In 2003, George Holcomb, then a reporter for the Harrison Daily Times, wrote a series on how Harrison’s history of racial strife had influenced its contemporary culture. “When I lived in a more culturally diverse town, you didn’t hear people just casually talk about n------” says Holcomb, who moved to the town in 1976 and has served as president of the task force. “But here, it was accepted. That’s how it was.”

Jeff Crockett has been mayor of Harrison since 2011.
Cole Lansden

The fallout from the articles led to swift action. In danger of having their town forever labeled racist, 13 pastors gathered and acknowledged its reputation. They decided it was time to form a group to improve race relations and respond to the town’s characterization by hate groups and local and national media as unfriendly to nonwhites.

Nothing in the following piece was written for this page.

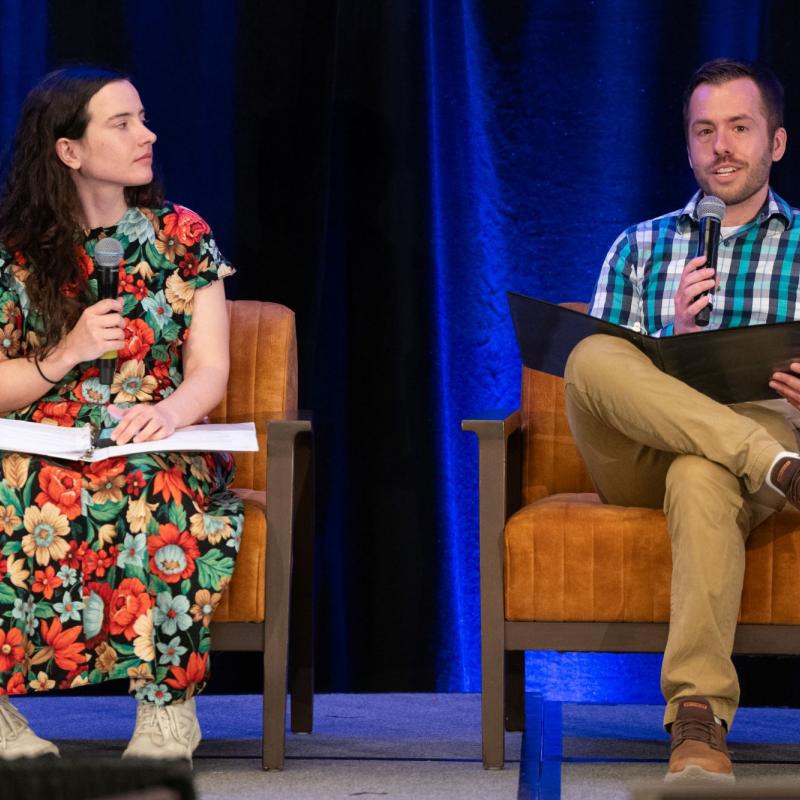 Two people seated on a stage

Since then, the group has organized dozens of speaking events at colleges around the state through its I Am the Movement effort, and paid for billboards that promote civility and respect. But progress has been slow. Members say some of this is due to a lack of focused messaging and branding.

When Jeff Crockett, then a real-estate developer and an owner of several liquor stores, arrived in Harrison from Chicago in the late ’80s, he did business with a black man from the Ozarks. Crockett, charismatic and open, invited the man to join him for dinner. The man politely declined the offer, telling Crockett he didn’t visit Harrison at night.

Those conversations have stuck with Crockett, the town’s mayor since January 2011. He says the town has made strides in terms of attracting younger families, but that there’s still a struggle in persuading families of color to move to Harrison. Says Crockett, “Unfortunately, it’s there in your face all the time.”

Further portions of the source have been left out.